Venom: la furia di Carnage. Un sequel obbligatorio.
Un sequel di Venom al cinema era necessario per almeno tre motivi.
Per prima cosa serviva aggiungere materiale all’immaginario cinematografico dello Spiderman interpretato da Tom Holland, tentando di assecondare le esigenze e gli accordi di produzione (Marvel Studios, MCU e Sony Pictures).
Poi bisognava colmare, in qualche modo, il gap tra boxoffice e critica: il film aveva incassato più di 850 milioni di dollari in tutto il mondo, però agli esperti era piaciuto poco e niente e lo avevano giudicato come un lungo e inutile prologo al personaggio di Venom.
Infine era necessario portare a compimento il percorso di Venom da anti-eroe a supereroe.
Venom: la furia di Carnage recensione.
Questo secondo capitolo comincia con un’ellissi temporale. Il giornalista Eddie Brock (Tom Hardy) è caduto in disgrazia, non sappiamo il motivo. La spiegazione probabilmente si trova negli albi a fumetto, tuttavia non si tratta di un buco narrativo per il prodotto audiovisivo perché possiamo facilmente immaginare che c’entri qualcosa l’inquieta convivenza con Venom.
Tutta la prima parte del film ruota intorno alla redenzione del simbionte. Venom è un cattivo con i sensi di colpa, una furiosa minaccia aliena in continua lotta con la morale umana. Praticamente è l’antieroe per eccellenza. Nel secondo film della sua saga indipendente, Venom viene però “ribrandizzato“.
Viene quindi catapultato sulla sponda dei buoni tirando fuori dallo Spider-universe la sua nemesi ancor più spietata: Carnage.
Qui cominciano i problemi di Venom: la furia di carnage, in tutti i sensi.
Da una parte c’è la componente visiva, cioè il bagno di sangue: la furia di Carnage è estrema perché ipernutrita a odio e Venom deve scontrarsi con un’entità di cui è procreatore, estremamente più pericolosa di lui. La violenza sullo schermo è alle stelle.

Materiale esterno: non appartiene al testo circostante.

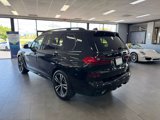 Used 2022 BMW X7 xDrive40i w/ M Sport Package image 3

Dall’altra c’è invece la componente narrativa, chi è Cletus Kasady? La materia simbiontica di Venom si lega a questo efferato serial killer e diventa qualcosa di mostruoso, ma ancor più atroce è la biografia del personaggio Cletus Kasady che però nel film viene solo accennata. Qui sta il limite del film.
Nella scena post credits di Venom (2018) Eddie Brocke incontra Cletus Kasady nel carcere di Saint Quentin che gli preannuncia un massacro… there will be a carnage. E così accade.
In ogni caso le aspettative vengono disattese perché la complessa e fosca biografia del serial killer Cletus Kasady è affidata solo all’interpretazione magistrale di Woody Harrelson.
Belli, anzi bellissimi, gli inquietanti pittogrammi nella cella del maniaco omicida che ne testimoniano l’insanità mentale, ma non sono sufficienti a narrare il disagio psicologico alla base del personaggio.
Il vero difetto del film è l’aver mantenuto la promessa di portare Carnage nell’universo cinematografico del nuovo Spiderman, senza però aver realmente mostrato quel baratro emotivo che è l’esperienza umana di Cletus Kasady.
Concludendo, questo secondo Venom: la furia di Carnage sembra un film di passaggio, un prodotto di transizione verso nuovi e conturbanti mondi… lontani da casa. Il sequel infatti perde la sua vocazione sci-fi. Al progetto letale dei simbionti si allude solo con pallidi rimandi verbali. Niente laboratori o esperimenti alieni, le ambientazioni del film sono abbastanza disparate: si passa dalle tinte cupe dell’ospedale psichiatrico, ai neon della metropoli notturna, al dark di un matrimonio in stile La sposa cadavere. Tutto ciò riesce comunque a incuriosire laddove la trama fallisce e omette la storia umana che ospita la materia aliena di Carnage.
In ogni caso non c’è da meravigliarsi. In questo genere di film accade fin troppo spesso che gli effetti visivi siano più curati delle logiche narrative. Inoltre i cinecomic tendono a generare volutamente buchi narrativi, ellissi temporali e omissioni per gettare le fondamenta all’ennesimo film, un indispensabile… Venom 3.